- Captioned web image data:
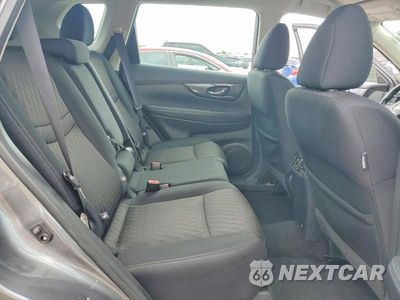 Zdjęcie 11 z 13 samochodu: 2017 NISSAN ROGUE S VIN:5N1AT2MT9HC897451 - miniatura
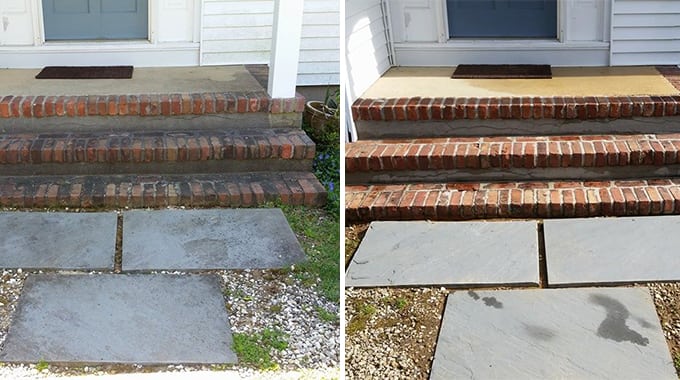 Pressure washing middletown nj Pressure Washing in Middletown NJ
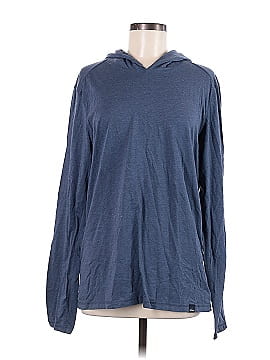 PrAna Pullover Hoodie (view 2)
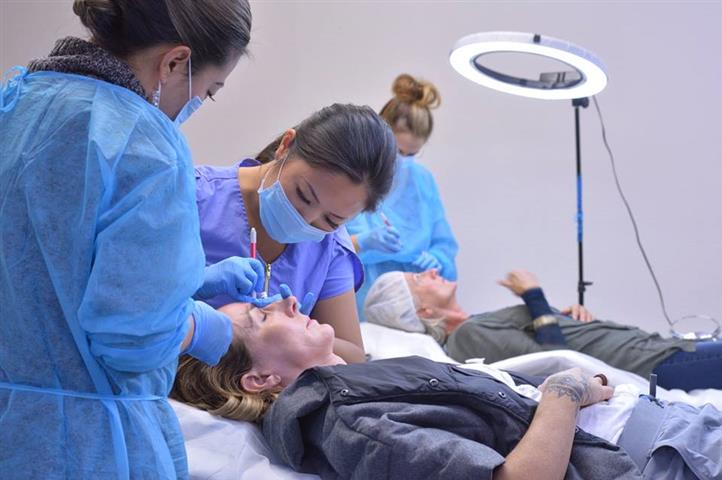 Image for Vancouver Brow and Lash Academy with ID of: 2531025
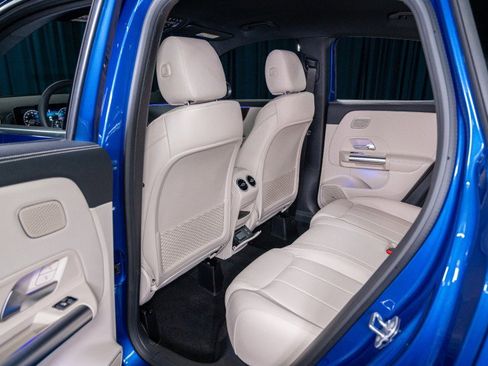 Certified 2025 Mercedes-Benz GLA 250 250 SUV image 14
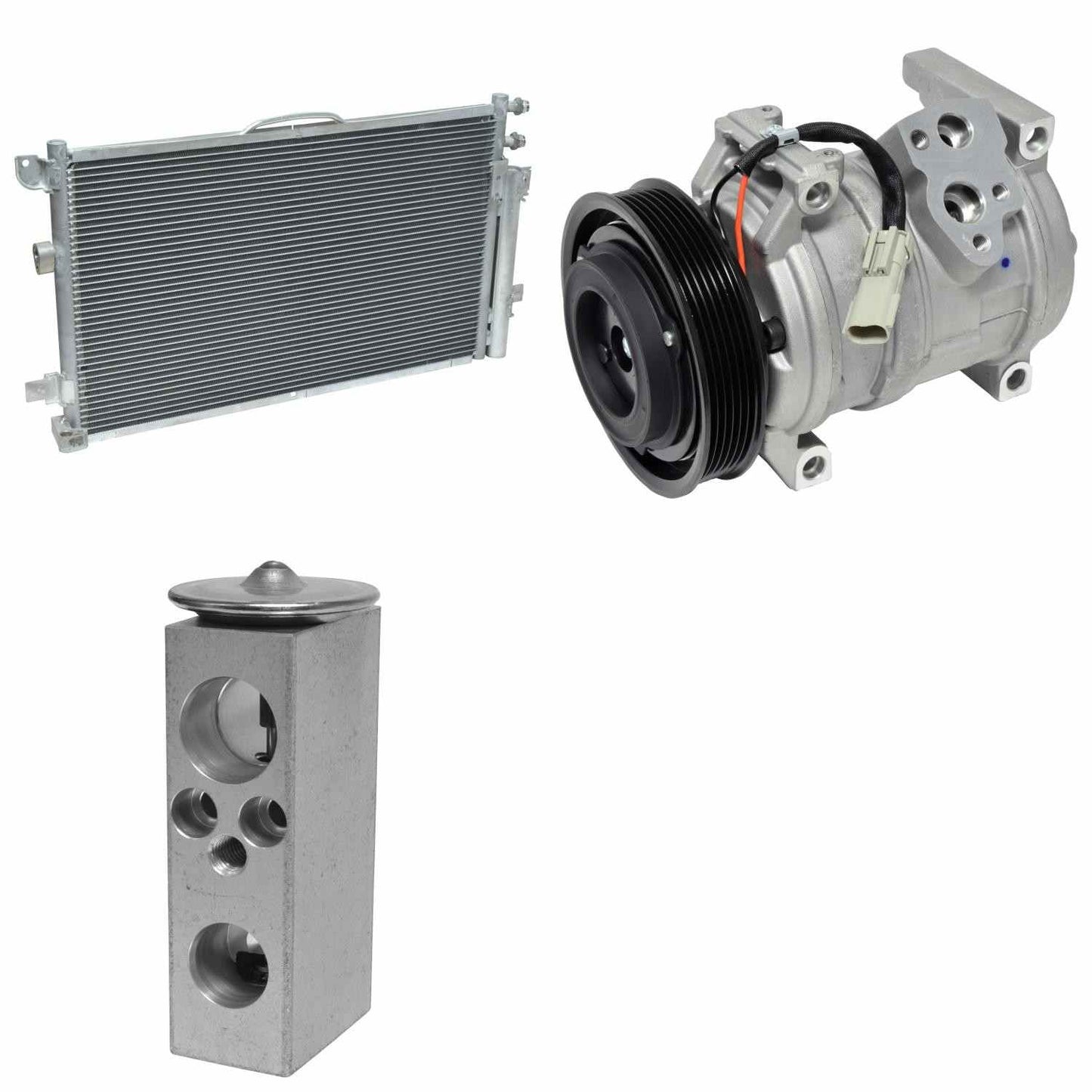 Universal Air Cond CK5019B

==

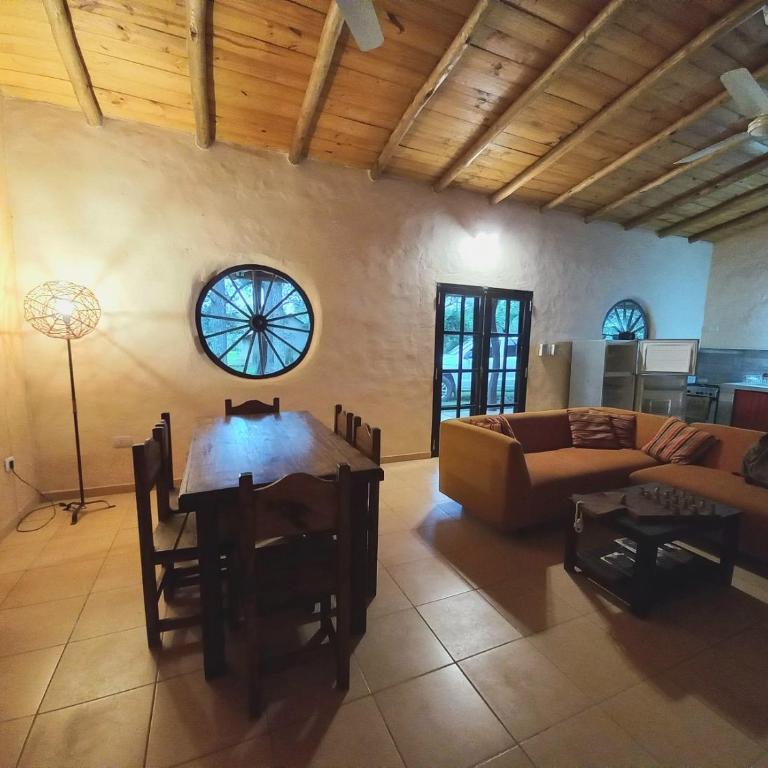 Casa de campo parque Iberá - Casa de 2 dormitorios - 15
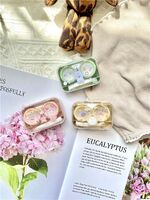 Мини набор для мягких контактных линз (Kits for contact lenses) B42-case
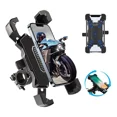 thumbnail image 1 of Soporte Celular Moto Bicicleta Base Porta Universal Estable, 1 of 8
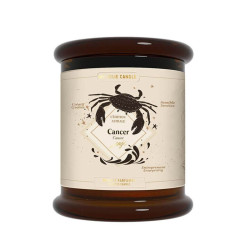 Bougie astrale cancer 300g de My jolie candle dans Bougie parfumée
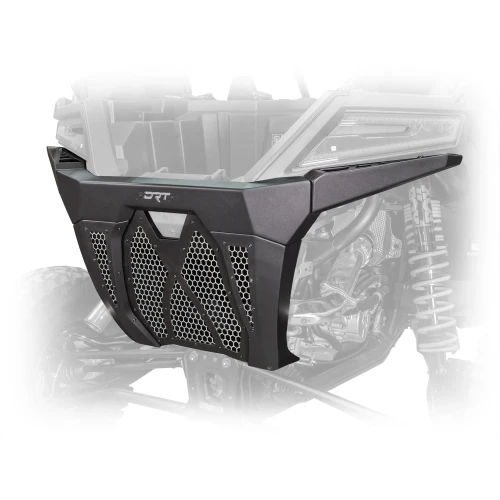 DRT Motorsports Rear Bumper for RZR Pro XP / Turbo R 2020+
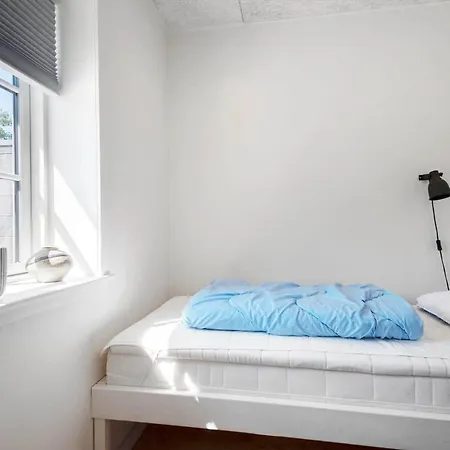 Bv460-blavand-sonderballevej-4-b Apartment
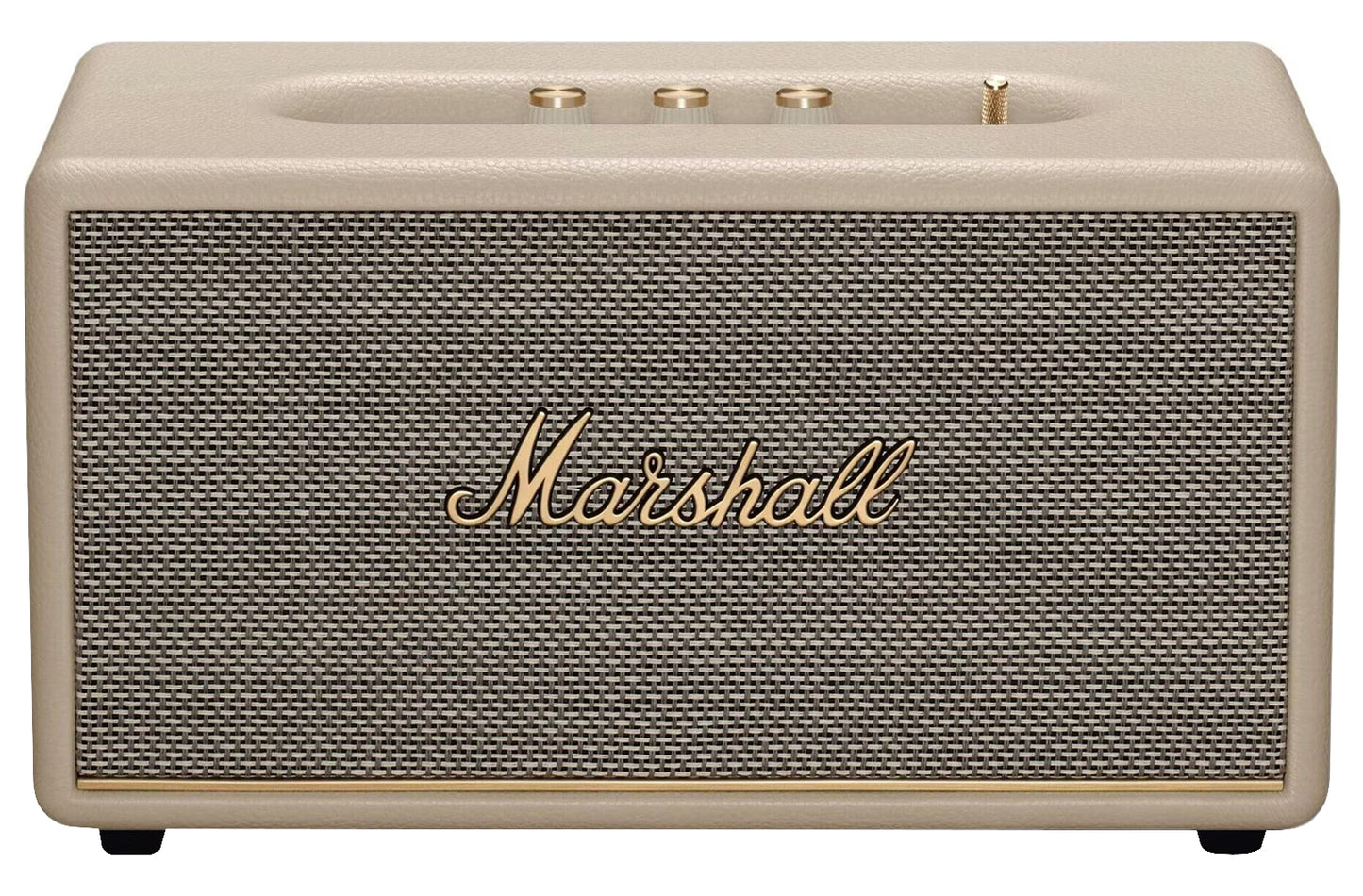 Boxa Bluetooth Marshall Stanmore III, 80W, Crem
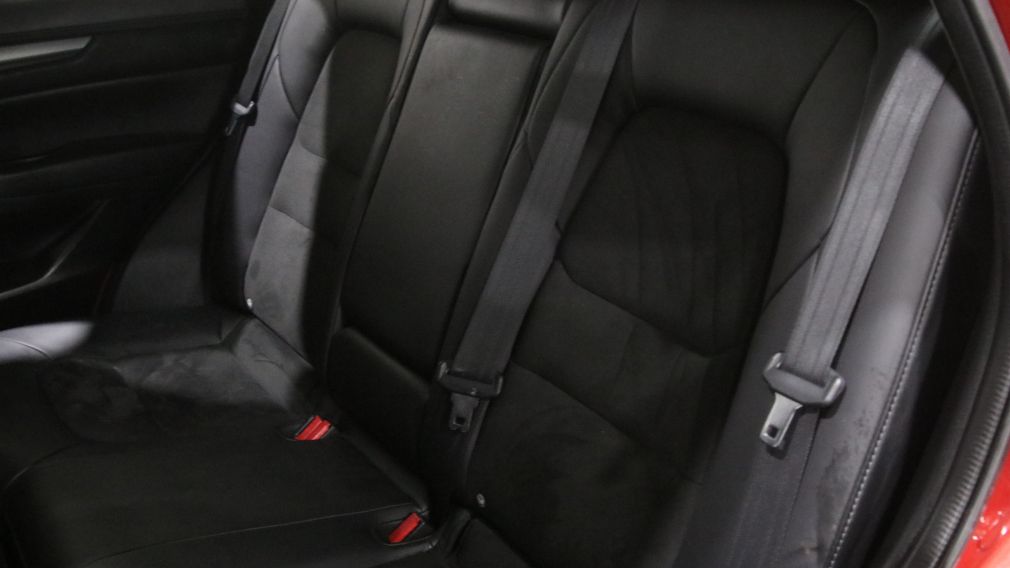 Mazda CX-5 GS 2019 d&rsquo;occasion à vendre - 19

...

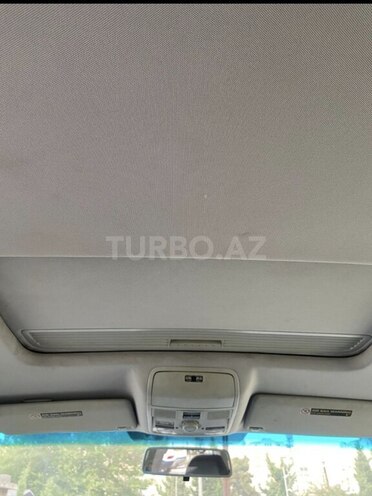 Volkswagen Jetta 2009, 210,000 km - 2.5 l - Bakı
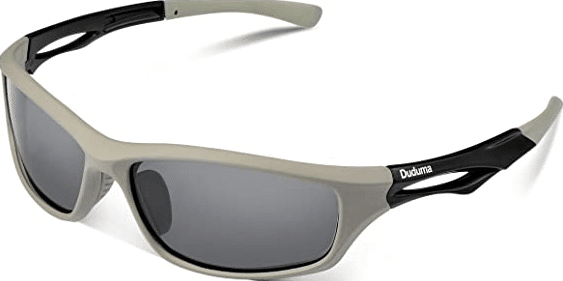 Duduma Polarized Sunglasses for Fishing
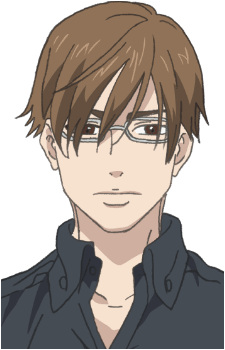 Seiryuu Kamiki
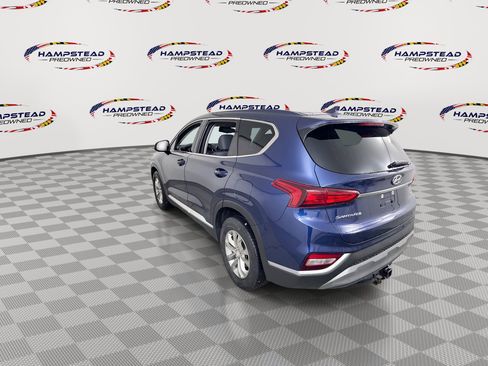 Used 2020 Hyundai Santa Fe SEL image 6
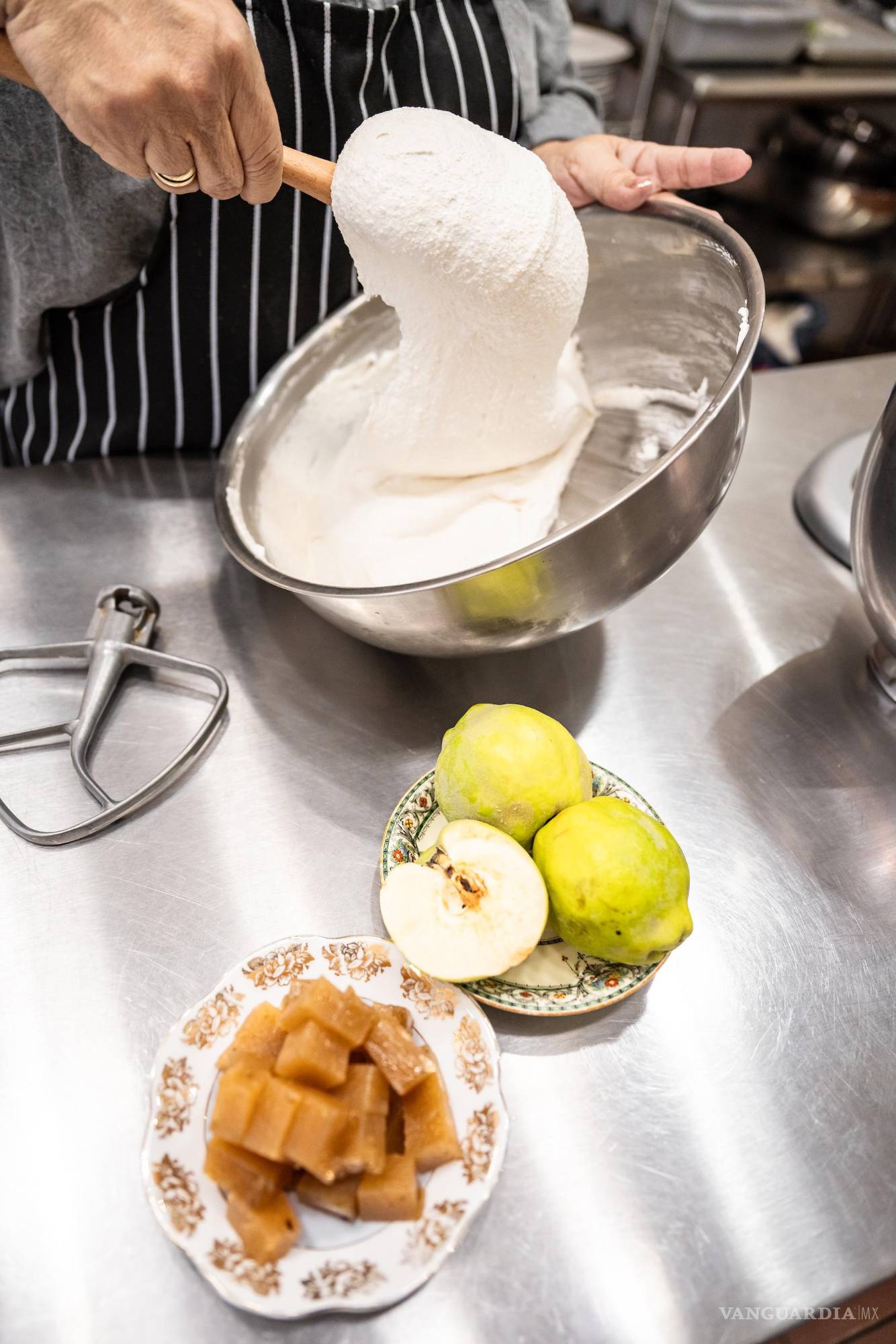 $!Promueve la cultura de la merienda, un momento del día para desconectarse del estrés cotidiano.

- What is needed: Because only one stretch of the records is wanted, please output the lines from the one holding "PrAna Pullover Hoodie (view 2)" through the one holding "Universal Air Cond CK5019B" exactly, both included, and leave every picture out.

- Response to the task:
 PrAna Pullover Hoodie (view 2)
 Image for Vancouver Brow and Lash Academy with ID of: 2531025
 Certified 2025 Mercedes-Benz GLA 250 250 SUV image 14
 Universal Air Cond CK5019B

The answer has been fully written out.